WORK INSTRUCTION -
Would you return exactly the lines below from the line with "How Ocean Spray" through the line with "Natural Peacock Agate", both included, and nothing else, leaving out the pictures?

EXTRACTED DATA -
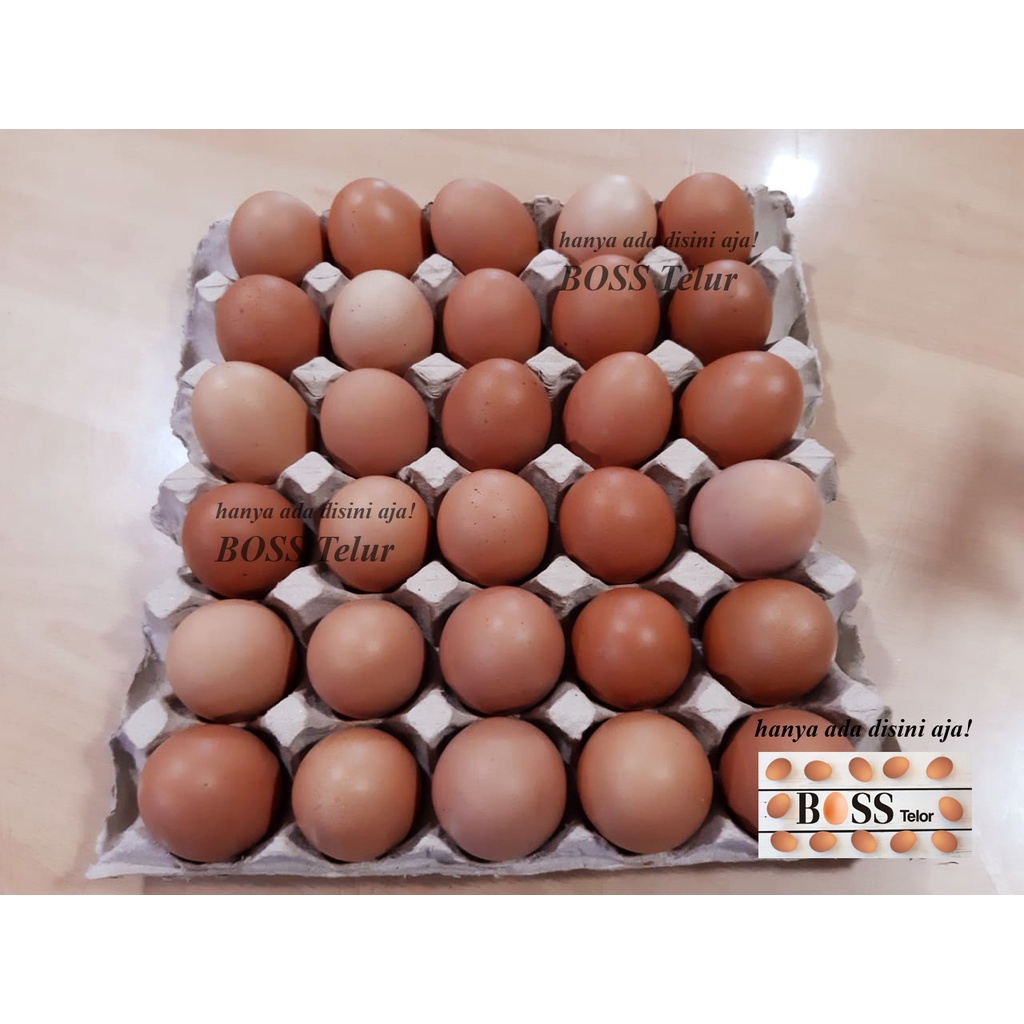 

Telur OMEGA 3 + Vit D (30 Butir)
--
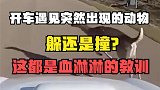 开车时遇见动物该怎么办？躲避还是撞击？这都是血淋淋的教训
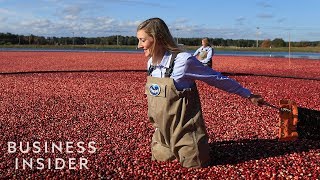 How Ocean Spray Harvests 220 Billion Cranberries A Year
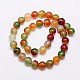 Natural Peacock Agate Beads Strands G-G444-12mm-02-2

WRITTEN REPLY -
 How Ocean Spray Harvests 220 Billion Cranberries A Year
 Natural Peacock Agate Beads Strands G-G444-12mm-02-2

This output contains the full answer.